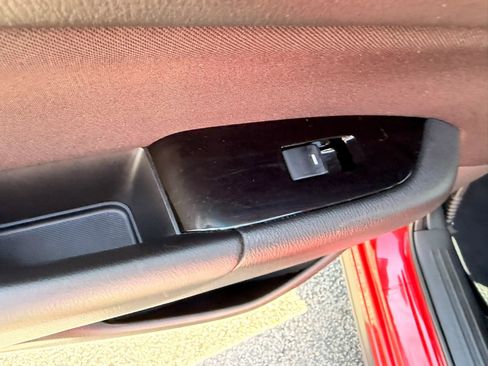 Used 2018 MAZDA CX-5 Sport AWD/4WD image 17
====================
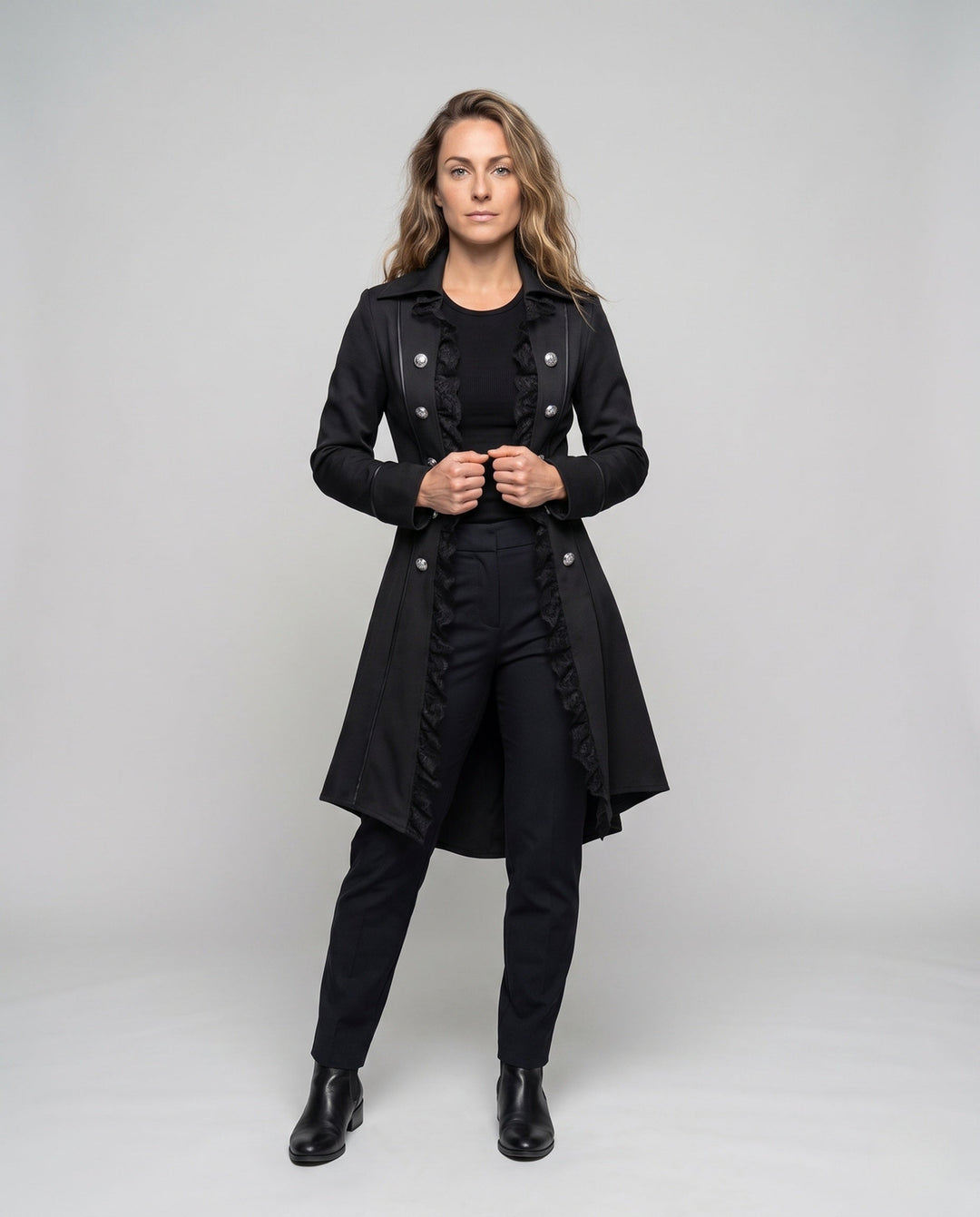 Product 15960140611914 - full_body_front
====================
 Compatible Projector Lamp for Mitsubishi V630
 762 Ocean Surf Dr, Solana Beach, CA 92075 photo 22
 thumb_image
====================
## Brief
The listing above holds a line with "Compatible Projector Lamp" and a line with "thumb_image". Print the stretch from the first through the second, exactly and alone.

## Exercise answer
 Compatible Projector Lamp for Mitsubishi V630
 762 Ocean Surf Dr, Solana Beach, CA 92075 photo 22
 thumb_image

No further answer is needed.